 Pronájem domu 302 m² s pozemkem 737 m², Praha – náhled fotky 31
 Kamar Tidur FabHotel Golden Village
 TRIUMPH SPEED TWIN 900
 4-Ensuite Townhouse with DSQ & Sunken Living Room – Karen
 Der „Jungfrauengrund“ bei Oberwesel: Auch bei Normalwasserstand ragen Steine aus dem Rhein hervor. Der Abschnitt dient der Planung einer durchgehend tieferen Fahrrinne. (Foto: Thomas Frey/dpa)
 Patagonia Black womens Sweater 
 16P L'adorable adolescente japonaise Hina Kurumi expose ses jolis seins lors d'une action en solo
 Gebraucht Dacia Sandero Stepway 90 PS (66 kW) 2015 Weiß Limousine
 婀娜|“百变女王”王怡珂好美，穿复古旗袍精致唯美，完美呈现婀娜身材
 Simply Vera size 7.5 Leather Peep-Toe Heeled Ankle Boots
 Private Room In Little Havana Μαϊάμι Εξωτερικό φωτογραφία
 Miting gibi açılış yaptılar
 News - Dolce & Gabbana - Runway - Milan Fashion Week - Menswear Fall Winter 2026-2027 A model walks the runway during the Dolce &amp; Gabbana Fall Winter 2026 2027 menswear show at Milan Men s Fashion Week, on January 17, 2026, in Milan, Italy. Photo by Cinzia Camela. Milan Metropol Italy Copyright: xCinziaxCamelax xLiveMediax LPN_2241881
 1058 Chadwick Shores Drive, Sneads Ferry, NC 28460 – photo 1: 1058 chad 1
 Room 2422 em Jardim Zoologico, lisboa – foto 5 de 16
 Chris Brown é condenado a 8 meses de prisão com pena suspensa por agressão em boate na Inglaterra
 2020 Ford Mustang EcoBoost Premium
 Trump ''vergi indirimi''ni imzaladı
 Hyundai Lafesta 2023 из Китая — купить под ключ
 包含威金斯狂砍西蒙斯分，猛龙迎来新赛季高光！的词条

** Problem requirements **
Could you please find every line of the listing above holding the string "Room" and copy it?

** Written solution **
 4-Ensuite Townhouse with DSQ & Sunken Living Room – Karen
 Private Room In Little Havana Μαϊάμι Εξωτερικό φωτογραφία
 Room 2422 em Jardim Zoologico, lisboa – foto 5 de 16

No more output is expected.